What if the guards at the tomb told the truth: Jesus’ crucified body had been stolen by overzealous disciples and the truth never revealed to their naive fellow believers (Matthew 28:11-15)?

What if the supposed appearances of Jesus to his disciples, showing himself alive “by many convincing proofs” over that remarkable period of a month and more following the traumatic days of his arrest, trial and public execution, as Jesus’ physician friend Luke claimed to remember it (Acts 1:3 NRSV)–what if it was just a dream?

What if the disciples’ inability to cope with their shattered hopes had created in their minds (on one occasion in 500 of their minds and all at once, to be sure! [1 Corinthians 15:6]) the illusion that Jesus had returned to them in physical form, claiming to have been resurrected from the dead?

“I am the resurrection and the life,” he had said.

Now he would prove it.

What if his very practiced and ruthless executioners were deceived?

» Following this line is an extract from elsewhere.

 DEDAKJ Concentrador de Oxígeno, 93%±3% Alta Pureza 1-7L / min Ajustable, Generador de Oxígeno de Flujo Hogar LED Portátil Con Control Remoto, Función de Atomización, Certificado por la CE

He never really died after the tortuous hours endured in measureless agony on the cross. They thought him dead and certified his death, even electing not to break his legs, as was the practice, because they confirmed him already dead (John 19:33-35). But what if they were wrong? And what if Jesus, miraculously recovered from his ordeal (like the amazing comeback of a supposedly doomed hero in a movie thriller), made his appearances to his erstwhile followers, who in any case were so paralyzed by fear and stricken by grief that they could not believe their own senses? What if he even ate a bit of broiled fish in their presence to complete the illusion and deceive those who had trusted him? “Do you have anything to eat? (Luke 24:41-42). Watch this!” And he eats it to their amazement.

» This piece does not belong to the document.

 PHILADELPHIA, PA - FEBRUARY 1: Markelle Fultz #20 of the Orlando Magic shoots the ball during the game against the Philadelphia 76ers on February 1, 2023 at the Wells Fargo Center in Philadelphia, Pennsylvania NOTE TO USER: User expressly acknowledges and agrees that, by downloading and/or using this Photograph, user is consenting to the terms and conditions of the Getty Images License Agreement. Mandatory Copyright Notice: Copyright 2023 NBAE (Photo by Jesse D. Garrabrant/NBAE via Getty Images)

What if the Roman procurator himself had been deceived? He said he found no fault in Jesus (John 19:4,6) but what if Jesus had planned all along to dupe his loyal disciples into believing him to be the victor over death, finally fleeing away to somewhere in the Himalayas to live out his days in obscurity–his body never recovered? His unmarked grave never found?

What if it was all a dream? The grave clothes discovered by Peter as if his body had simply evaporated (John 20:6-7)? That memorable early morning encounter with Peter and his friends on the shores of Galilee (John 21)? Even Thomas’ sensation of pressing reluctant fingers into the very wounds of Jesus’ hands and side, until a confession was wrenched from his cynical soul: “My Lord and my God!” (John 20:27-28). What if it was just in their minds–or even their hearts. And though Jesus clearly trusted the women as credible witnesses to his resurrection (Matt. 28:7, 10), surely we can be excused for entertaining some doubt as to the veracity of their claims to have seen him alive, as the men did that morning (Luke 24:9-11). It would take Pentecost to persuade them of what Jesus already knew, that women were to be trusted with the very words of life (Acts 2:17). But what if…?

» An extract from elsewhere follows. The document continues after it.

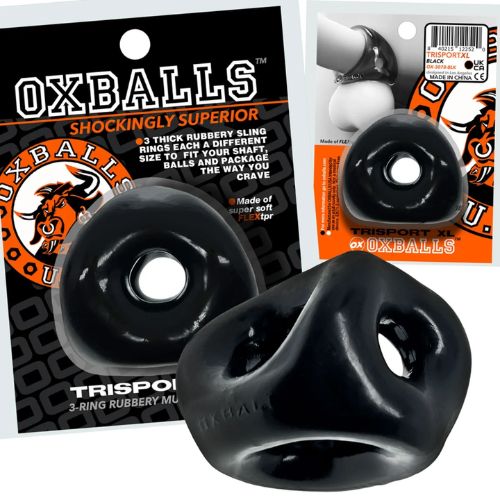 Oxballs Tri Sport XL 3 Ring Cock Ring Black from Nice 'n' Naughty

“It is the world’s blackest assumption!” averred the great pulpiteer, R.G. Lee. “If Christ has not been raised,” declared the Apostle Paul in his remarkable resurrection credo, “preaching is an empty sham and faith has no solid ground. Even the most eminent of Gospel witnesses is guilty of shameless perjury. For there can be no question: this was their consistent testimony. It was the defining affirmation of the apostles and the early Church. It was certainly not a side issue, subject to the opinions of each individual. This was the central theme–an inescapable, incontrovertible, indispensable fact: Christ is risen from the dead. To this they bore courageous and confident witness, sometimes sealing their testimony with their blood! And still there are many who would rather die than deny its reality. “Christ is risen! He is risen indeed!” This is the Easter morning declaration of 1.6 billion believers in every nation of earth to this very day.

As the Church was exploding upon the world in Pentecostal passion, Peter proclaimed: “This man was handed over to you by God’s set purpose and foreknowledge and you, with the help of wicked men, put him to death by nailing him to the cross. But God raised him from the dead, freeing him from the agony of death, because it was impossible for death to keep its hold on him.” (Acts 2:23-24) The beleaguered Paul, transformed by his encounter with Christ alive, from persecutor to bold proclaimer of the resurrection reality, when called before the Jewish High Court, the Sanhedrin, maintained, “I stand on trial because of my hope in the resurrection of the dead.” (Acts 23:6)

Bereft of that hope, he later averred, “we are of all people most to be pitied” (1 Corinthians 15:19 NRSV). For without his resurrection our faith is futile and we are still in our sins. “There is therefore now no condemnation for those who are in Christ Jesus. For the law of the Spirit of life in Christ Jesus has set you free from the law of sin and death…[For] the Spirit of him who raised Jesus from the dead dwells in you” (Rom. 8:1-2,11 NRSV).

Doubt it if you will. The consequence is a gutted Gospel, powerless to offer the peace of God or the possibility of transformed lives. And a never-ending stream of witnesses will rise up joyfully and irrepressibly to declare with the Apostle: “But in fact Christ has been raised from the dead!” (1 Corinthians 15:20 NRSV). We heard the thousands of believers crowded into the Beijing church on an Easter morning sing it: “I know that he is living whatever men may say. He lives, Christ Jesus lives today. You ask me how I know he lives; he lives within my heart!” Fifty years of determined denial had not quenched the fire of their faith.

Because Christ is now risen from the dead, we live in the “now” of God’s salvation–the day of his grace and favor (2 Corinthians 6:1-2). His presence can be real to us. His power can be released within us, by faith. It is that same power God “exerted in Christ when he raised him from the dead” (Ephesians 1:18-20). It is available to us now by faith, because Jesus is alive.

So many of us are boxed in by circumstances. We are paralyzed by the impossibility of our situation. We have long since exhausted our options. Anger and resentment are eating us alive. We are in the grip of a “fatal attraction.” Addictive behaviors are sapping our strength and destroying our will to freedom. We have slipped into a sour-souled cynicism. Why dream any longer of what cannot be? There is no way out. No hope. But now hope lives again in Jesus. Christ is now risen from the dead! The power that burst the bonds that held him and broke open his tomb to the brilliant light of an Easter morning can open again the airless grave where your dreams have been entombed.